Excerpt from gold weekly chart analysis as of Feb. 7…
“I remain bullish near-term unless the lower trendline that marks the Ascending Scallop’s rise is decisively breached to the downside.” – TraderStef
Excerpt from the gold analyses as of Feb. 20…
“I remain bullish near-term unless the 21 Exponential Moving Average (EMA) or lower trendline is violated, and even then, the 50 EMA is not far off and would likely provide good support. The current price action may be setting up for another Throwback pattern before attempting further gains. If the price reaches the $1,355 to $1,365 range, the combination of candlesticks and volume characteristics will determine if gold attempts a break beyond $1,380 before the usual seasonal dynamic takes hold.” – TraderStef
Gold Goes ‘Thunk’ and ’tis a Good Healthy Thing… “Gold’s 24-week parabolic Long trend just did, the nearly six-month ascent ranking third by duration since 2001. Price settled yesterday (Friday) at $1,295 for its worst weekly drop (-2.7%) since that ending Nov. 28, 2014 (-2.9%). ~~THUNK!~~ And ’tis a good thing… Absolutely right, Squire. Now pay attention. With Gold starting this past week still well up in the $1,330s, we began thinking that a correction in price would be healthy as nothing ascends upward in perpetuity. We ruminated that a nice pullback toward testing the mass of underlying technical support would provide enough tightened coil to then spring price back upward beyond the most recent high of $1,349 (20 February), once again giving Gold a shot at reaching Base Camp $1,377. ‘Tis our sense that such process now is underway: first this ‘thunk’ … consolidate … and then back up! Remember: a recapturing of $1,377 with a stabilizing of price ’round there, and then ’tis off toward our conservative forecast high (now for the second year running) at $1,434. That’s why this ‘thunk’ is a good thing. That said, the pretty picture of Gold’s weekly bars instead now sports its first red dot blemish since Sep, 7, 2018.” – Mark Mead Baillie, Mar. 2, 2019
Gold daily chart as of Mar. 1, 2019…
How do you improvise, overcome, and adapt to the insane poker hand this market feeds you? You paper trade the sweet spots and accumulate core physical positions at low-risk, high-reward intersections.

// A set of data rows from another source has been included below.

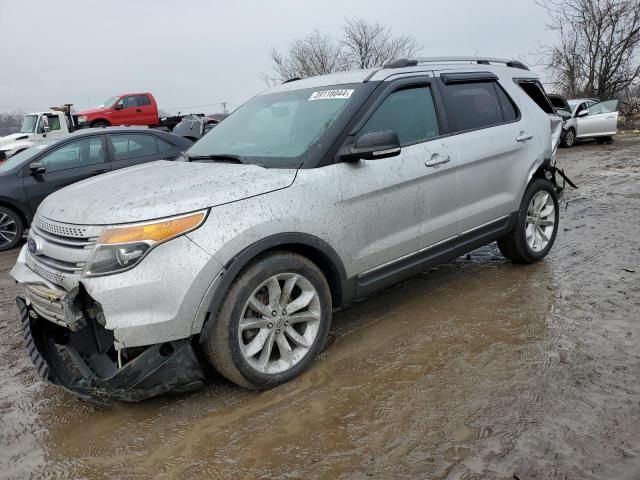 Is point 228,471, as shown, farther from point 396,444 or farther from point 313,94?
point 313,94

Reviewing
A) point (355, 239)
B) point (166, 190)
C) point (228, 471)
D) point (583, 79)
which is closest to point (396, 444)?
point (228, 471)

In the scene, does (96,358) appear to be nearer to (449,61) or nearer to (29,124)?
(449,61)

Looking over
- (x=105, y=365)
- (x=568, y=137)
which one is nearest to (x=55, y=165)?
(x=105, y=365)

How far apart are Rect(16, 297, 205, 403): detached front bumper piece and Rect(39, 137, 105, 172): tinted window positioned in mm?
5192

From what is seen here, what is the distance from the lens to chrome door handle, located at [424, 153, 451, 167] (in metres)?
3.76

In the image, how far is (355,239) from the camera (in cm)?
335

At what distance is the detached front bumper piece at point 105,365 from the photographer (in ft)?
8.70

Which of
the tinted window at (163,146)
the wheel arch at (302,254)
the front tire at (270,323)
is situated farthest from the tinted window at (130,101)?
the front tire at (270,323)

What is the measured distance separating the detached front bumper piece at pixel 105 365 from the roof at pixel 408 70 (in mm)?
2254

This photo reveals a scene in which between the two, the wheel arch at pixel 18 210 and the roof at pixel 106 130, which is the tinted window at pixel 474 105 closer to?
the roof at pixel 106 130

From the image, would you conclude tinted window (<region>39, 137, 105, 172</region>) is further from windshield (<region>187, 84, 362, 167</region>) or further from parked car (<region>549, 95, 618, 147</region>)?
parked car (<region>549, 95, 618, 147</region>)

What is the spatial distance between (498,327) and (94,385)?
2687mm

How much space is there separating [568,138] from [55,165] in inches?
600

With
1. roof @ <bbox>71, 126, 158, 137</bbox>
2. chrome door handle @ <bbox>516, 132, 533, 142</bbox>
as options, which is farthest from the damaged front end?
roof @ <bbox>71, 126, 158, 137</bbox> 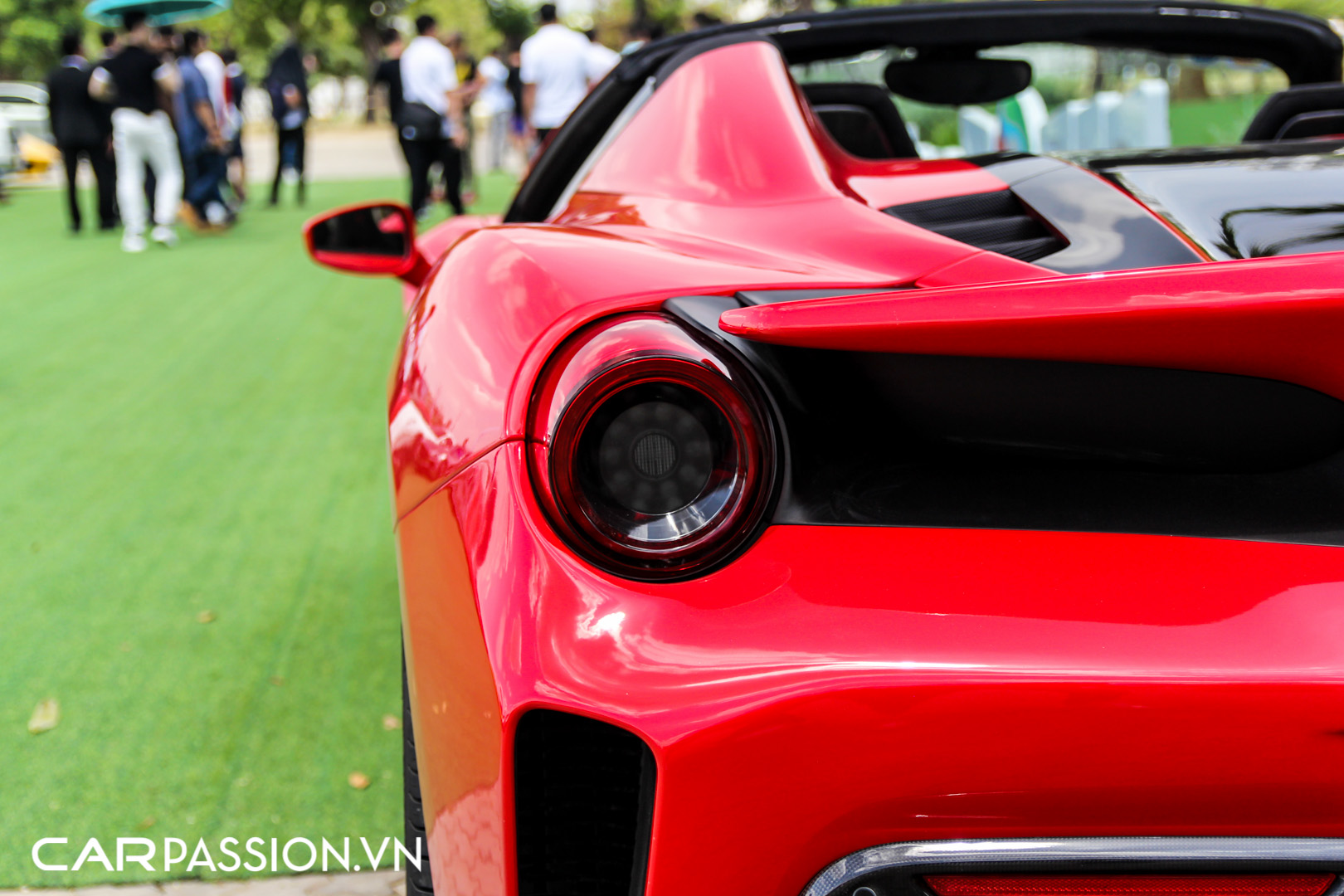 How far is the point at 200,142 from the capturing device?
11.7 metres

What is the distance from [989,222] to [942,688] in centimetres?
79

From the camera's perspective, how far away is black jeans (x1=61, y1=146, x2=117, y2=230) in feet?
37.5

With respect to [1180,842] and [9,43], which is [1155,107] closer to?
[1180,842]

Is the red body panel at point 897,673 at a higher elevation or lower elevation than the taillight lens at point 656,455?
lower

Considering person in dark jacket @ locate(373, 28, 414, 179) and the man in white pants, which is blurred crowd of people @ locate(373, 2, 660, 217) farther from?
the man in white pants

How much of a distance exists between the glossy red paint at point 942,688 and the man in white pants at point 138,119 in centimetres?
1036

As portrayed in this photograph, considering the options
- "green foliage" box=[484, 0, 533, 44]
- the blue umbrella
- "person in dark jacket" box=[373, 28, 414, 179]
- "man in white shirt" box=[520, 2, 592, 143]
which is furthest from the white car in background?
"green foliage" box=[484, 0, 533, 44]

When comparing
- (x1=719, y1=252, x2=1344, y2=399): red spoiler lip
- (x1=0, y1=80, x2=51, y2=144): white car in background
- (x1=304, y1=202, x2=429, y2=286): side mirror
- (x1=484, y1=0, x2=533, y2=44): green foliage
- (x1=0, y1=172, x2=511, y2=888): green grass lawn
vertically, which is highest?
(x1=484, y1=0, x2=533, y2=44): green foliage

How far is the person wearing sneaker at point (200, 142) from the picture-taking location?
10984 millimetres

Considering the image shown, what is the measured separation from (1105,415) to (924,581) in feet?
0.81

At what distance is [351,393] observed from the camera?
535 cm

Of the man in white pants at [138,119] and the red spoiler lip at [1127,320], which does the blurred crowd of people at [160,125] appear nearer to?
the man in white pants at [138,119]

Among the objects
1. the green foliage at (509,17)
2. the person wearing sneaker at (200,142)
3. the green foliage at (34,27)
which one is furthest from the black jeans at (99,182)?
the green foliage at (34,27)

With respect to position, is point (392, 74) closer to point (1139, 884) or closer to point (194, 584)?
point (194, 584) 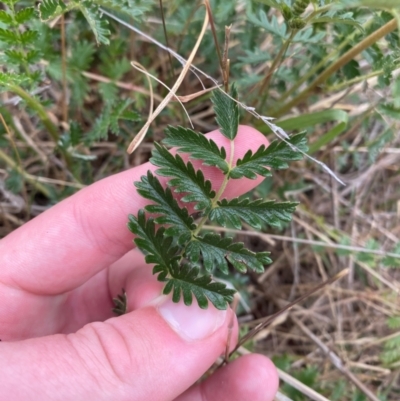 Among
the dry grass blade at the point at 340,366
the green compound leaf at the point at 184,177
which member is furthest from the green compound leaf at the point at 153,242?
the dry grass blade at the point at 340,366

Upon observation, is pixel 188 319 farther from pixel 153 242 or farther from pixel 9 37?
pixel 9 37

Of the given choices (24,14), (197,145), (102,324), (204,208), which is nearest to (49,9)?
(24,14)

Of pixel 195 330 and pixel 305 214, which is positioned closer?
pixel 195 330

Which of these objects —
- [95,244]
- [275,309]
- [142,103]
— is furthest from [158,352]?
[275,309]

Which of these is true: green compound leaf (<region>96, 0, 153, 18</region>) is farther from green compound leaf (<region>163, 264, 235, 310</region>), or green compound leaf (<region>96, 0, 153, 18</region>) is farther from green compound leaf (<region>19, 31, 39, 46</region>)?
green compound leaf (<region>163, 264, 235, 310</region>)

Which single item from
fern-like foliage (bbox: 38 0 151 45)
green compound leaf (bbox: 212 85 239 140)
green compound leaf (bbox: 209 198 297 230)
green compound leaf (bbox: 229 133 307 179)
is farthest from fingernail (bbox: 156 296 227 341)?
fern-like foliage (bbox: 38 0 151 45)

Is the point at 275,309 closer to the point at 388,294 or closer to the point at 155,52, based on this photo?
the point at 388,294
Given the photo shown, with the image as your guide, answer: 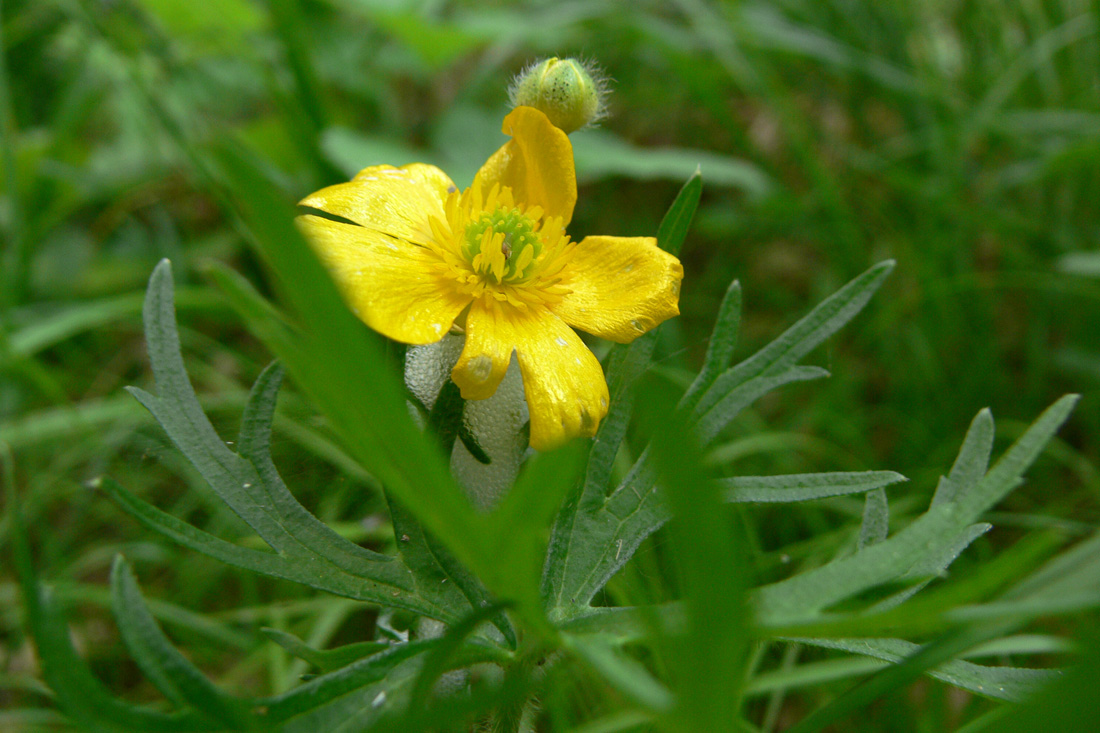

As suspected, following the stellar $200 upside run with three sweet spot opportunities to trade since Aug. 2018, a healthy correction is in the process of finding a base. The 21 EMA was breached to the downside on Feb. 28, and a lower trendline provided initial support. On Mar. 1, that trendline was breached as automated stop-loss positions were triggered and the price found support around the 50 EMA and SMA, a secondary lower trendline, and the $1,287 Fibonacci level that slices through the lateral price chop that occurred through Jan. 2019. The DMI-ADX has flipped to a negative stance, and the StochRSI plunged to an oversold condition on Mar. 1. The volumes were rising as the price fell during the last three trading sessions, and they have reached a peak or are fuel for further downside price action. The next support level is at the 100 EMA and $1,275 Fibonacci. The overhead 50 EMA must be taken out with conviction for an upside pivot to have any legs, otherwise the price will probe the next support level and/or chop sideways. March generally leans to the downside before chopping sideways when considering the seasonality pattern. I remain bullish long-term but revert to a neutral stance until the uptrend reasserts itself above the 50 EMA and $1,300 with conviction.
What the catalyst for gold to achieve an upside foothold will be is hard to say, as there are a lot of monetary policy issues, debt bombs, weaponized domestic politics on the front burner, and several geopolitical concerns to choose from.